Créer de l’emploi
« Emploi », mot magique. « Créer de l’emploi », formule qui permet tout, qui couvre tout. Toutes les saloperies, bien souvent. Ce qui crée de l’emploi – ou prétend en créer – est sacré. Cloue le bec du contradicteur.
J’entends dans le poste qu’une autoroute va ravager le Marais poitevin, site pourtant archi-protégé, classé parc naturel par les Autorités. Ces mêmes Autorités qui interdisent – à juste titre – qu’on modifie si peu que ce soit ces lieux extraordinaires, riches d’une faune et d’une flore à peu près uniques, ces mêmes Autorités, d’un trait de plume, foutent tout en l’air, et vas-y donc ! L’autoroute – puisque, paraît-il, elle est nécessaire – pouvait passer sans dommage très au large du site « protégé ». Mais non, c’est là qu’elle passera, en plein milieu, oui, ainsi en avons-nous décidé, nous, Autorités, qui savons ce qui est bon pour vous.

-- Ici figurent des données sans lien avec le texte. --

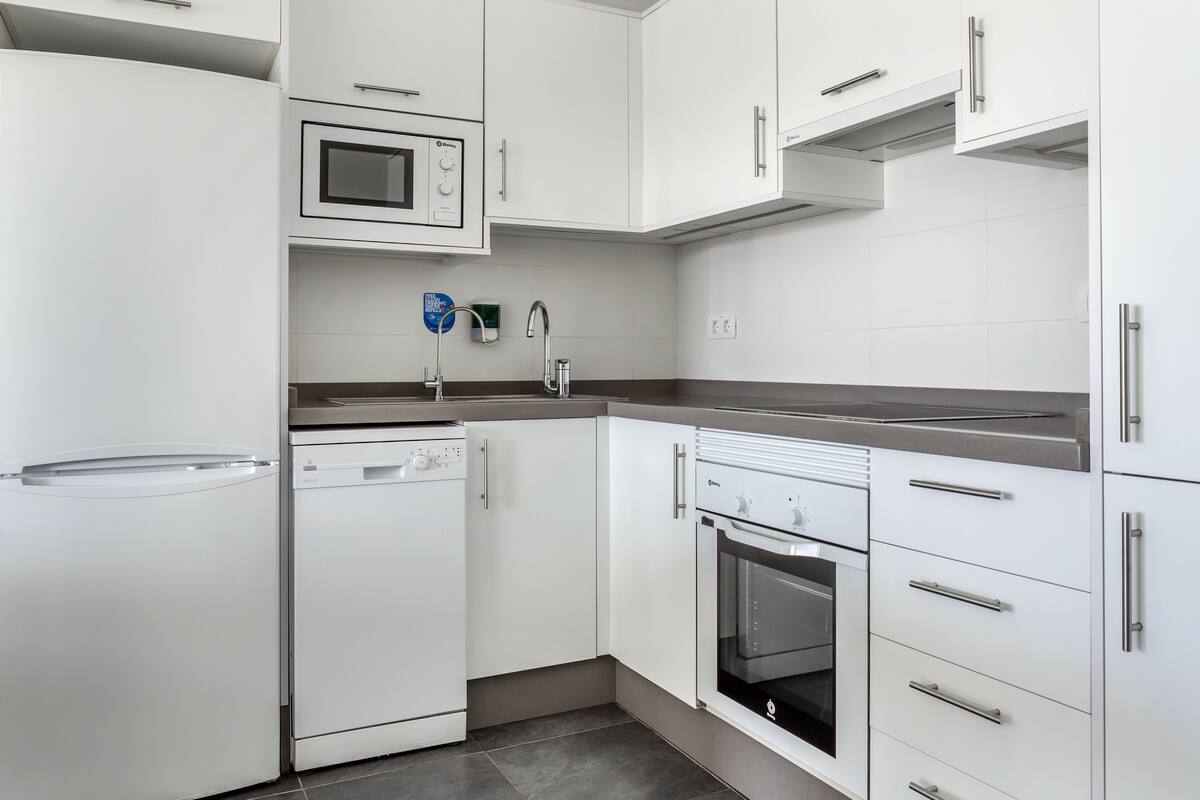 apartment, 1 bedroom | private kitchen | fridge, microwave, oven, stovetop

Bien sûr, les associations de protection de la nature se mobilisent, proposent des contre-projets, manifestent. Le gars de la télé tend le micro au barbu (Déjà, hein : un barbu ! La France profonde se demande pourquoi les défenseurs de la fleurette ont tous cet air ex-hippie, baba-cool et brûle-Sorbonne…), puis, avec un sourire protecteur (« Il faut entendre les deux sons de cloche. Vous avez entendu les “contre”, je donne maintenant la parole au “pour” »), tend le micro à un brave maire du cru, chafouin mais bon genre, lui. « Parfaitement, moi je suis pour. L’autoroute apportera de l’animation dans le pays. J’ai déjà reçu des propositions d’usines, au cas où ça se ferait. Cela créerait une soixantaine d’emplois dans les communes environnantes. » Ça, c’est du sérieux, ça. Les mots sacrés ont été prononcés : « créer de l’emploi ». Tu peux toujours t’amener avec ta faune et ta flore.
Le même jour, même journal télévisé, le gars annonce gaillardement : « Renault licencie quinze mille emplois. » Eh bien, voilà, une soixantaine de ces braves gens vont être recasés, nous pouvons dormir tranquilles, la faune, la flore et le marais n’ont pas été sacrifiés en vain.
La publicité fait vendre, donc fait tourner l’usine, donc assure de l’emploi. La publicité est par conséquent l’activité maîtresse, celle qui tient toutes les autres dans sa main. La publicité est généreuse, la publicité est sainte, la publicité est belle, la publicité est culturelle, oser la critiquer est sacrilège.
« Euro-Disneyland », cet abcès purulent qui déjà dévore la bonne terre à blé de Brie et fera bientôt de l’Île-de-France tout à la fois la garderie d’enfants et le bordel de l’Europe, « créera de l’emploi ». Surtout pour les cadres dirigeants, les artistes et les techniciens américains, les Français étant bien contents de se faire balayeurs…
À Palerme (Sicile), la Mafia tue, intoxique, pourrit tout. La population de la ville est massivement, bien que sournoisement, pro-Mafia : si, du jour au lendemain, la police réussissait à stopper les activités de la Mafia, vingt à trente mille travailleurs divers se retrouveraient au chômage. La Mafia est sacrée, la Mafia crée de l’emploi.